Following the American Civil War Sesquicentennial with day by day writings of the time, currently 1863.

Diary of a Tar Heel Confederate Soldier By Louis Léon [53d North Carolina Regiment, infantry]

March 14—This morning, at daybreak, cannonading was heard by us from General Pettigrew’s line, which is on our left flank. We immediately fell into line of battle, our artillery opened fire, then we infantry advanced our line on the Yankees. We halted in an old field and had for a breastwork a rail fence. We fought for four hours—hot at times. We had a number killed and wounded. The enemy fell back on their stronghold—Newbern. This battle is called the Battle of Deep Gully, as it was fought on that stream. We then took up our march again for Kinston. We got eleven miles and halted for the night. Our company was the rear guard of the brigade.

March 13—Resumed our march at 8 this morning, got eight miles, when we got to our extreme picket posts. They told us the Yankees were one mile and a quarter from us. Then we marched half a mile further, when our artillery commenced the fight. It kept on all day, but very light. We drove in their pickets and advanced our line until dark. We are eight miles from Newbern—marched eleven miles.

March 12—We have had orders several times for the last six days to march, and a part of our brigade has had a fight. But this morning we took up our march at 5 o’clock. I saw Gen. D. H. Hill on the road and spoke to him, as well as his adjutant.

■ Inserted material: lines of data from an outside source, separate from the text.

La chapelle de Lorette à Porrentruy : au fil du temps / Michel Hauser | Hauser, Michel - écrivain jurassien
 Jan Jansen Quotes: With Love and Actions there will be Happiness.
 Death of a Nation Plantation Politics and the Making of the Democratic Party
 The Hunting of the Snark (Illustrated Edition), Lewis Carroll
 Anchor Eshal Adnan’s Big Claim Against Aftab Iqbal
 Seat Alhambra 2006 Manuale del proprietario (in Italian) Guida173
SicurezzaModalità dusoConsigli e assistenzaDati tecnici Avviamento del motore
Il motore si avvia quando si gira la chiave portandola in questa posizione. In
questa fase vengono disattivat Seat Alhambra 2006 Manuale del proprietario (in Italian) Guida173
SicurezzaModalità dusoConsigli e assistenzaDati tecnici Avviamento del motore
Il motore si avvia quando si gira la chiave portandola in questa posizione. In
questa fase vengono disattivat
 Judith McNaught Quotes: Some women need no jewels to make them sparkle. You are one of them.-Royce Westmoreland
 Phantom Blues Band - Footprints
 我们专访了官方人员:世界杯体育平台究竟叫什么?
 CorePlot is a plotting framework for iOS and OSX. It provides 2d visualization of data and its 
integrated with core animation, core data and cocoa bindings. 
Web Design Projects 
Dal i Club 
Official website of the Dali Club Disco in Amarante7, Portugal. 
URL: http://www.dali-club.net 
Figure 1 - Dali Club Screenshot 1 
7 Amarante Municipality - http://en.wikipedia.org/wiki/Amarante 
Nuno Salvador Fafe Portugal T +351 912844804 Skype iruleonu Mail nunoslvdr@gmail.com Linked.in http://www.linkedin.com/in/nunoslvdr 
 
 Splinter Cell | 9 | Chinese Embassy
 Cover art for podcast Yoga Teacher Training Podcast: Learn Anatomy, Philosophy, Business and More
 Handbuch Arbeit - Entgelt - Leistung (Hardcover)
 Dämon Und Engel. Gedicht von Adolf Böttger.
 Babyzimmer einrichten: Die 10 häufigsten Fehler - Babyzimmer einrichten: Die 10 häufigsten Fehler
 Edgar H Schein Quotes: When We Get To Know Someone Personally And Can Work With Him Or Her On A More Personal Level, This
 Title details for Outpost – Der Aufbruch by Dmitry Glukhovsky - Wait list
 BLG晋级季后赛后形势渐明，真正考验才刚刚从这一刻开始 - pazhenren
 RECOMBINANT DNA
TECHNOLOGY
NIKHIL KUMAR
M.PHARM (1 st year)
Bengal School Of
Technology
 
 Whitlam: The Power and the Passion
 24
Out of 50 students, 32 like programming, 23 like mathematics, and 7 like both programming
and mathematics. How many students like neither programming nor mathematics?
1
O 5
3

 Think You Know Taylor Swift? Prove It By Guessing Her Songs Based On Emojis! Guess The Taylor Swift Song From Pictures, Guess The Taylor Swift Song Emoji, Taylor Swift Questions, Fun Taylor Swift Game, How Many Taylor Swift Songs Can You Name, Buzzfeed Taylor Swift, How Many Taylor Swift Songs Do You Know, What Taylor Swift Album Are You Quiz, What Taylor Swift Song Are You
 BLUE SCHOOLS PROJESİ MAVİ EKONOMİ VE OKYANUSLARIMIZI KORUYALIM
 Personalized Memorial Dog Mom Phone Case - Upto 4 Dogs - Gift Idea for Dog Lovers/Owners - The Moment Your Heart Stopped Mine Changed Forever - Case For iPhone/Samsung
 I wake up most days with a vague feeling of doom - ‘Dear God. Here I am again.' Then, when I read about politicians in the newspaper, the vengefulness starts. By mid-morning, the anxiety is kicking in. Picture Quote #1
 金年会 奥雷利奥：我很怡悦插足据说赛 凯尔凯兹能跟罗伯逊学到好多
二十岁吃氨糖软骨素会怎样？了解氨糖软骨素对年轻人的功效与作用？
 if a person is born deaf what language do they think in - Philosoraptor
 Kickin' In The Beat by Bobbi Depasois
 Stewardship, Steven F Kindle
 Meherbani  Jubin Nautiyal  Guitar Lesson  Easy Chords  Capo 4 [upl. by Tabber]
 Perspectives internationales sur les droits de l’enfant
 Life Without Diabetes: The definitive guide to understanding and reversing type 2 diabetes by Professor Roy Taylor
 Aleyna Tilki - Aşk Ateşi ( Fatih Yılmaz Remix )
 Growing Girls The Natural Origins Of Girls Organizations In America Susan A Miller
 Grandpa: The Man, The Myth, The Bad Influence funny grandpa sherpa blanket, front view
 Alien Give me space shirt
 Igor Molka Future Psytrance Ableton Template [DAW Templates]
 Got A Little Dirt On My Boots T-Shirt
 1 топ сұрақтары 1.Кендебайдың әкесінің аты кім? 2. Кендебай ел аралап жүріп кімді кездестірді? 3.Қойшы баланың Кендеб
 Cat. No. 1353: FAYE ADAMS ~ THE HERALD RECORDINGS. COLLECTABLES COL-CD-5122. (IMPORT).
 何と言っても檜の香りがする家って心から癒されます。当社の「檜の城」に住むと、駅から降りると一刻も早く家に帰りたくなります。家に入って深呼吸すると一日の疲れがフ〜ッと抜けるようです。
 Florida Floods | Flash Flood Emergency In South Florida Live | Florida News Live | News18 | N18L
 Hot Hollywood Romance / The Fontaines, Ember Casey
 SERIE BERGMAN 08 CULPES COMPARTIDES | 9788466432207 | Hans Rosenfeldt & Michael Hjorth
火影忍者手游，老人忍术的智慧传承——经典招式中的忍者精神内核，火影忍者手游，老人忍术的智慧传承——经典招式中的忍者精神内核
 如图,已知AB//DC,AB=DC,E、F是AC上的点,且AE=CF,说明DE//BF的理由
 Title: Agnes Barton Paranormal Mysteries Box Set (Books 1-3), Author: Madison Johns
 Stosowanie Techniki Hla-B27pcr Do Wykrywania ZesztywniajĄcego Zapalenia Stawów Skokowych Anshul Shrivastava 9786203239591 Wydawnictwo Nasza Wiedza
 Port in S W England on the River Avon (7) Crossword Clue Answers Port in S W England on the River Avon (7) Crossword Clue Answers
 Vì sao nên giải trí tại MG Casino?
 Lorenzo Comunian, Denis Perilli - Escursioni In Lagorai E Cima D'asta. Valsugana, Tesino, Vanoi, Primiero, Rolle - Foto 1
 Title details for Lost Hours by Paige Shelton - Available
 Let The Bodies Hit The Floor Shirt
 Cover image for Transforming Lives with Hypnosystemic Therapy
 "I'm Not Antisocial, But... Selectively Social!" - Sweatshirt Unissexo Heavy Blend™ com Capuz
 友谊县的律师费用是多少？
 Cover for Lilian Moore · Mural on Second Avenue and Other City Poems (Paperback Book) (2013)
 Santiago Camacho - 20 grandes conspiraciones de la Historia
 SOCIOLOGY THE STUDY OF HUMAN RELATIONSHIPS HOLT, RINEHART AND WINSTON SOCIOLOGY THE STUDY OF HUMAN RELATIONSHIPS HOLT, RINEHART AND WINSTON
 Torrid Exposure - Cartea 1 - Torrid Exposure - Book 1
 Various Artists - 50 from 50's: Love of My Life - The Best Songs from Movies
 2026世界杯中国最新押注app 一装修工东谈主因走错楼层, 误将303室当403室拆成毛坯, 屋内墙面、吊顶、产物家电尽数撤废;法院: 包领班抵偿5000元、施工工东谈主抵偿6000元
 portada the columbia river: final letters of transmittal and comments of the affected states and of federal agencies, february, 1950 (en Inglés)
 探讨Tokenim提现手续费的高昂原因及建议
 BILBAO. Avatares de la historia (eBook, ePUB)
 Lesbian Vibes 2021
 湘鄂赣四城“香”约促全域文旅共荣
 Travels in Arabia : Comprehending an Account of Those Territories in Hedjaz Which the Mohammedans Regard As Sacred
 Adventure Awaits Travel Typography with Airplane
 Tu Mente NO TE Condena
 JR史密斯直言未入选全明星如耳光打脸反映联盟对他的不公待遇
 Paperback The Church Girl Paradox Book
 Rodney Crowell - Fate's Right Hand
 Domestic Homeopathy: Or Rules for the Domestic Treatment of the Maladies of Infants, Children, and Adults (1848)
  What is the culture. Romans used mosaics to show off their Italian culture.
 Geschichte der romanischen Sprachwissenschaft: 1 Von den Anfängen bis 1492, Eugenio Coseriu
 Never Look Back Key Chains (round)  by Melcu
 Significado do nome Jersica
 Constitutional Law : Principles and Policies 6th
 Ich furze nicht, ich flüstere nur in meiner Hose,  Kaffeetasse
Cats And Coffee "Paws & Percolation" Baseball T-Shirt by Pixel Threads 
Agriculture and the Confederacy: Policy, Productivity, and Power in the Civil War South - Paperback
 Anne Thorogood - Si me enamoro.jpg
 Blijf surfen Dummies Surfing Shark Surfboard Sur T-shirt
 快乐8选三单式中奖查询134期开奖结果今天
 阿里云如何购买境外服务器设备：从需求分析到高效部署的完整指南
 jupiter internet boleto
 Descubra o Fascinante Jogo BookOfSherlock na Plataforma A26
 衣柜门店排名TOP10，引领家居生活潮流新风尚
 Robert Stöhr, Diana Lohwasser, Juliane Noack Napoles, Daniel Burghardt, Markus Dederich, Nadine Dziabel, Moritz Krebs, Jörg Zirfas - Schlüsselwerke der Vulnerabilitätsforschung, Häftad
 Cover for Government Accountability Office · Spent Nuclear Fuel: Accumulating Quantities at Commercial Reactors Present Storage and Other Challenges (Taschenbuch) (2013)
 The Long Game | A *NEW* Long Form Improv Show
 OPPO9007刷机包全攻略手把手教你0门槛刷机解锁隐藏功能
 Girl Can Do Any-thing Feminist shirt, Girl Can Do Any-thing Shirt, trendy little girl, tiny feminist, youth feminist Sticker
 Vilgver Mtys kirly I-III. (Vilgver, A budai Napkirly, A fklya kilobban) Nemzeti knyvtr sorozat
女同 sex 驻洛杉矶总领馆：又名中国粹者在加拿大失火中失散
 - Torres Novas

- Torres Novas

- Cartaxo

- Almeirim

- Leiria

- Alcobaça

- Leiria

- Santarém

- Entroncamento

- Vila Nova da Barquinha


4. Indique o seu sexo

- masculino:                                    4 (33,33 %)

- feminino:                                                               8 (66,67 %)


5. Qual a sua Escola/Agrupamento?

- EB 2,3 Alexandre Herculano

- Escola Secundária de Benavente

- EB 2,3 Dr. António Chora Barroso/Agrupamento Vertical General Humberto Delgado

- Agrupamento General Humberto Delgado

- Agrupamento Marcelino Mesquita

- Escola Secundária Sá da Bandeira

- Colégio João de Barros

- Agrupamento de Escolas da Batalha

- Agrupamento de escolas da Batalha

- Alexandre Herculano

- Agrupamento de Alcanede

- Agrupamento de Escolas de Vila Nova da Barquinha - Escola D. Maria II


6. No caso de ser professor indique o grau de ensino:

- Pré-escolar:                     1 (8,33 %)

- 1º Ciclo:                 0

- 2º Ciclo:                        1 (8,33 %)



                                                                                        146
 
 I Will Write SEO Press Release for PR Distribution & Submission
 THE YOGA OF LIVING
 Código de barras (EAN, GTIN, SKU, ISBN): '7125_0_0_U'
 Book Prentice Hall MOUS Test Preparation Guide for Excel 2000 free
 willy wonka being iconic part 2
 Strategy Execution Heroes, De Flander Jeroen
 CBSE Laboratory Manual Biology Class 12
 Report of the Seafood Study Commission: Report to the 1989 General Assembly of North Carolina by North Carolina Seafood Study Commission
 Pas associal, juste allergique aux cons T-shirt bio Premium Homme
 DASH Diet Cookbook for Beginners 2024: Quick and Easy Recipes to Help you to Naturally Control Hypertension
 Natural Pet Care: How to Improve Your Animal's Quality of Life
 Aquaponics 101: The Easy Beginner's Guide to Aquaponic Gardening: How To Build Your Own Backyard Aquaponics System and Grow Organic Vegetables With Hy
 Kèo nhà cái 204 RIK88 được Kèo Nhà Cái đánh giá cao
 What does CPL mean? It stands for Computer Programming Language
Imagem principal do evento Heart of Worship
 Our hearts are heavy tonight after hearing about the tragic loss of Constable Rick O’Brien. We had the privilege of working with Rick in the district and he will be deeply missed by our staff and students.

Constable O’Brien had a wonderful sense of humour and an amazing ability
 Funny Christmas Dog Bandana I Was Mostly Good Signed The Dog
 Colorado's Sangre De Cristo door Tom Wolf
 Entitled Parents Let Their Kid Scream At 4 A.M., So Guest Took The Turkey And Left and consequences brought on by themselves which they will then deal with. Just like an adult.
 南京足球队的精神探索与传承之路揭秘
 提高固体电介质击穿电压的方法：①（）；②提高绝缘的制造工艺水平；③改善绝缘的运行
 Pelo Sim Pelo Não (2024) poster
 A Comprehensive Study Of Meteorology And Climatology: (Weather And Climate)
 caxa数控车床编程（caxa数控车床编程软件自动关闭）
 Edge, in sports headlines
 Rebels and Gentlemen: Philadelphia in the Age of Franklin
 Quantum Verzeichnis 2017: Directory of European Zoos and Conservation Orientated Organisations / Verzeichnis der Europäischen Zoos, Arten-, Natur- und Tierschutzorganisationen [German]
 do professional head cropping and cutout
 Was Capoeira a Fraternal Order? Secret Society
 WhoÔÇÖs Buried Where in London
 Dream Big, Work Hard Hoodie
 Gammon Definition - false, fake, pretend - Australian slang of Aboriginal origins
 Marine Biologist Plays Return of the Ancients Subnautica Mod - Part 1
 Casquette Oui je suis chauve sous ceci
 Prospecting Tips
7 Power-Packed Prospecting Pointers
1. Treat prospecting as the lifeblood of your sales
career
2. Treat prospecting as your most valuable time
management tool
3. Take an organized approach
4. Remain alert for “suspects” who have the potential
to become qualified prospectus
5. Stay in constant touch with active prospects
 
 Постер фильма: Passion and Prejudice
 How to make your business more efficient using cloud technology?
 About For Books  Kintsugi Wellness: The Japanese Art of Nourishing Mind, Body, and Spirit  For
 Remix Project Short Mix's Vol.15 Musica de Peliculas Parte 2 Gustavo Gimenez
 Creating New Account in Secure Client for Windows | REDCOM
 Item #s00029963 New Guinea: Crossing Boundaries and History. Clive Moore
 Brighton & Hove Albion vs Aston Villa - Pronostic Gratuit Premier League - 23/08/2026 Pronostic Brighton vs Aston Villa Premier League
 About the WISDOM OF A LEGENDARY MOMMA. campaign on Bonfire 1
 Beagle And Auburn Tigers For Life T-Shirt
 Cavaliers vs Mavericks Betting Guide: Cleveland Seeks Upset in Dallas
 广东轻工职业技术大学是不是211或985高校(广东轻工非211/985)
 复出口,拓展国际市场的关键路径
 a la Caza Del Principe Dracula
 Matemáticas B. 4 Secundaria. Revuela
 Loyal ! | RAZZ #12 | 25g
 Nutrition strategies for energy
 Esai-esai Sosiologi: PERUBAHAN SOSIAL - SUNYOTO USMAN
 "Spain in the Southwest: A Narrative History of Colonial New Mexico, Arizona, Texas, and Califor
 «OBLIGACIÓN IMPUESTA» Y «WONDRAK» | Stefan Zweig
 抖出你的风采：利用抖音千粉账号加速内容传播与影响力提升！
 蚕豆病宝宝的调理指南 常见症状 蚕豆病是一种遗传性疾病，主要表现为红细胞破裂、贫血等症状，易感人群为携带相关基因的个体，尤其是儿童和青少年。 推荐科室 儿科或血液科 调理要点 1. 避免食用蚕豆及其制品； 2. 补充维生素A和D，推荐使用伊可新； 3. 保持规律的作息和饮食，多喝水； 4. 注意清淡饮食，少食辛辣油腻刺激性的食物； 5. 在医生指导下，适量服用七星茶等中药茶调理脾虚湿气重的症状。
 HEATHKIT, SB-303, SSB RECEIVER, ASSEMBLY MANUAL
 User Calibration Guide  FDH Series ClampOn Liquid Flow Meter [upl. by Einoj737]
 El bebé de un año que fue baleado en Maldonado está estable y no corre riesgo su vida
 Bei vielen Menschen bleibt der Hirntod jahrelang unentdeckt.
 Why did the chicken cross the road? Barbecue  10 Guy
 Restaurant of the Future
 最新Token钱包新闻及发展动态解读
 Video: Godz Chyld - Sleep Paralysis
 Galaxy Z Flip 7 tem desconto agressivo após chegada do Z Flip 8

They are friends from home and comrades of our first North Carolina regiment. We marched twenty miles and halted for the night—laid in line of battle all night with arms by our side.

March 6—Several of us out of our company went to Kinston and the battlefield. The Yankees are very poorly buried, as we saw several heads, hands and feet sticking out of the ground, where the rain had washed the dirt off of them.

March 5—Up to to-day there is nothing worth recording, although we are getting black as negroes on account of our burning green pine.

February 26—Two men out of our regiment were whipped for desertion. They were undressed all but pants and shoes, tied to a post, and each given thirty-nine lashes on their bare backs. The balance of this month nothing new, only very cold.

February 25—Henry Wortheim was sent home on a sick furlough, as he is very bad off.

February 13—Nothing new. We have been fixing our camps. Our company has built log huts, from two to three feet high, and then put our tents over them—building a chimney to each hut or tent, and we are very comfortable. We got orders to cook two days’ rations, and be ready to march in two hours, but did not have to go—in fact, nothing new until the 25th.

February 9—We established a regular camp here. This last march has been a very hard one, and only a distance of thirty miles. But it took us from Wednesday to Saturday, through snow, rain and mud ankle-deep and without rations. Kinston is a perfect ruin, as the Yankees have destroyed everything they could barely touch, but it must at one time have been a very pretty town—but now nothing scarcely but chimneys are left to show how the Yankees are trying to reconstruct the Union.

February 8—Wortheim and myself went uptown to get something to eat. We got corn bread and bacon. On our road back to camp we bought four more dodgers of corn bread and gave it to our mess companions who did not go uptown. Our regiment moved on the other side of town in an old pine thicket.